Ringfort (Rath), Glenleigh, Co. Cork
Co. Cork |
Ringforts
Some of the most telling archaeological sites in Ireland are the ones that no longer exist above ground.
At Glenleigh in County Cork, a ringfort, known in Irish as a rath, once stood on the northern edge of a steep drop down to the Owenbaun River valley. A rath is a roughly circular earthen enclosure, typically dating from the early medieval period, built as a farmstead and defended by one or more raised banks and ditches. This one measured approximately thirty metres in diameter, a modest but typical size. Today, there is nothing left to see. The land has been levelled, and the pasture gives no indication that anything ever stood here.

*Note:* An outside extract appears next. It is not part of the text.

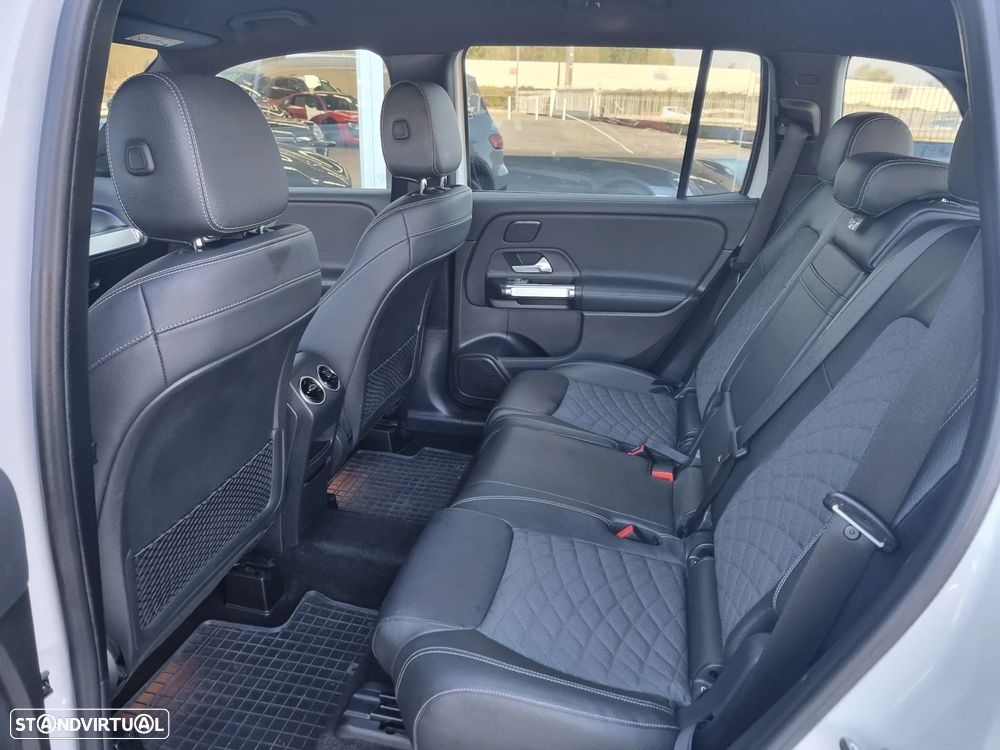 Mercedes-Benz GLB 220 d 4Matic Progressive - 35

What makes the site quietly significant is the paper trail left by the Ordnance Survey. The 1842 six-inch map shows the enclosure clearly, rendered in the hachured style that cartographers of the period used to suggest earthworks and raised ground. By the time the same area was mapped again in 1904 and 1936, only an arc running from the north to the south-east was still being recorded, suggesting that by then the earthwork had already been substantially reduced. The progression across three maps tells a familiar story of gradual agricultural clearance, the kind of slow erasure that happened to hundreds of similar sites across Munster over the nineteenth and twentieth centuries. The valley of the Owenbaun River below would have made this a practical location for an early farmer, with water close by and a natural defensive advantage provided by the steep slope to the south.